[Date Prev][Date Next] [Thread Prev][Thread Next] [Date Index] [Thread Index]

Bug#959474: marked as done (Issues with Chinese language (all variants) when building some pages in buster)



Your message dated Thu, 07 Nov 2024 14:58:37 -0500
with message-id <48d66a077ed058fed8d30f5bf3822dddc983bfb2.camel@debian.org>
and subject line Re: Bug#959474: Issues with Chinese language (all variants) when building some pages in buster
has caused the Debian Bug report #959474,
regarding Issues with Chinese language (all variants) when building some pages in buster
to be marked as done.

This means that you claim that the problem has been dealt with.
If this is not the case it is now your responsibility to reopen the
Bug report if necessary, and/or fix the problem forthwith.

(NB: If you are a system administrator and have no idea what this
message is talking about, this may indicate a serious mail system
misconfiguration somewhere.

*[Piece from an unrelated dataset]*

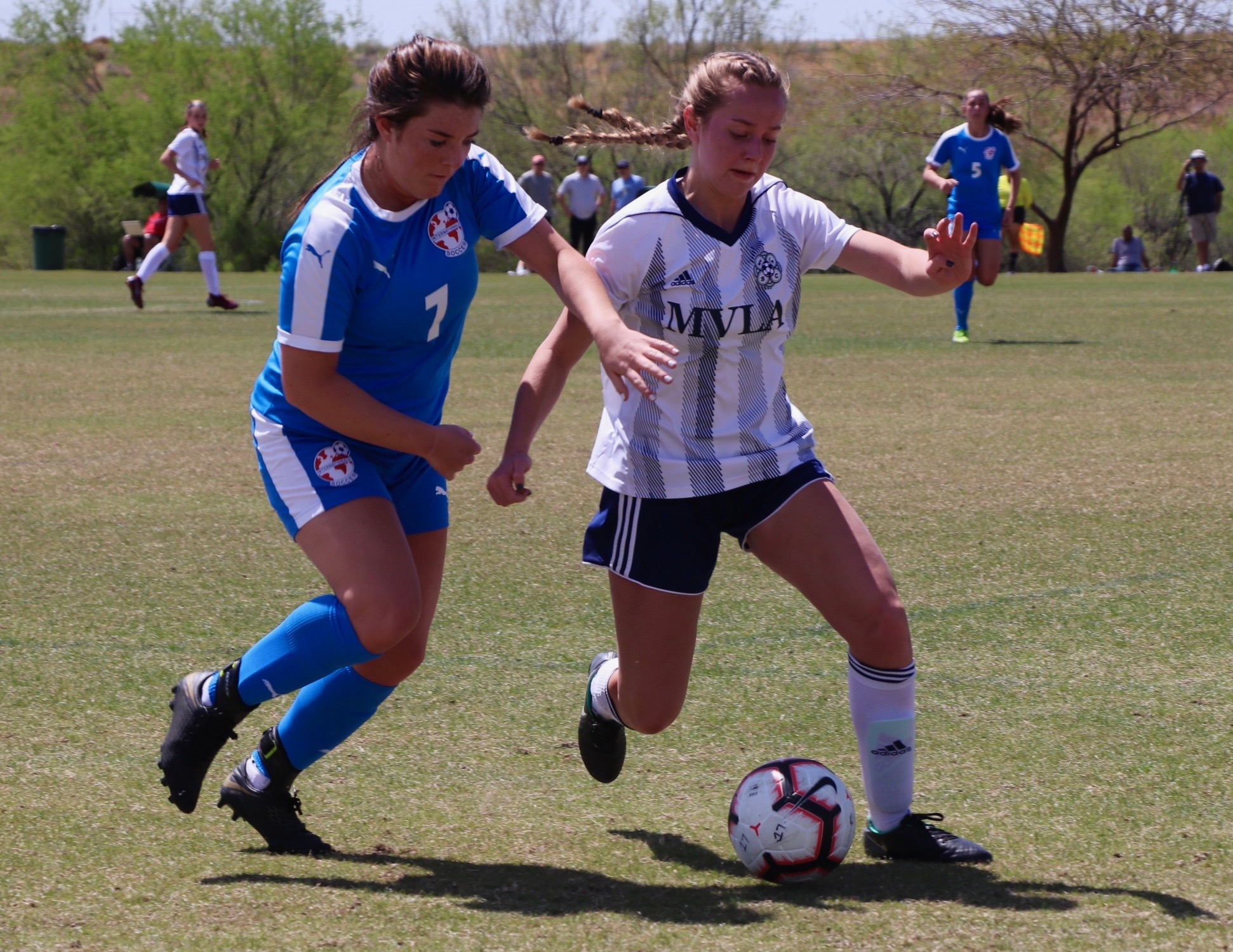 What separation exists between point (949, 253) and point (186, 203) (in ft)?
48.9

Please contact owner@bugs.debian.org
immediately.)


-- 
959474: https://bugs.debian.org/cgi-bin/bugreport.cgi?bug=959474
Debian Bug Tracking System
Contact owner@bugs.debian.org with problems
--- Begin Message ---
Package: www.debian.org
Severity: normal
User: www.debian.org@packages.debian.org
Usertags: scripts
X-Debbugs-CC: debian-l10n-chinese@lists.debian.org
X-Debbugs-CC: debian-i18n@lists.debian.org

Hi all,

TL;DR

There are some issues with some Chinese pages when they are built in a
buster machine.
We need to fix those issues (at least the "Malformed UTF-8 character
[...] at ../../bin/tocn.pl [...]" ones) so DSA can upgrade the
www-master machine to buster. See the summary of the log at the bottom
to know which files produce this error.
I have no idea of how to fix the issues, so any help from the Chinese
team or web team mates is greatly appreciated..
Additional issues may arise (e.g. I still didn't test the release-notes
or doc-manual), any help testing is welcome too, please create bug
reports for each different issue or update the existing ones. Thanks!

LONG VERSION

I've done a test build of the /english and /chinese subdirs in a buster
machine, and I have noticed some warnings/errors related to the Chinese
pages (some, not all of them).

It would be desirable to upgrade www-master machine to buster as soon as
possible, so any help with this (from website  or Chinese team members)
is very appreciated.

Below you can find an extract of the build log, including only the the
files for which I got some error or warning message.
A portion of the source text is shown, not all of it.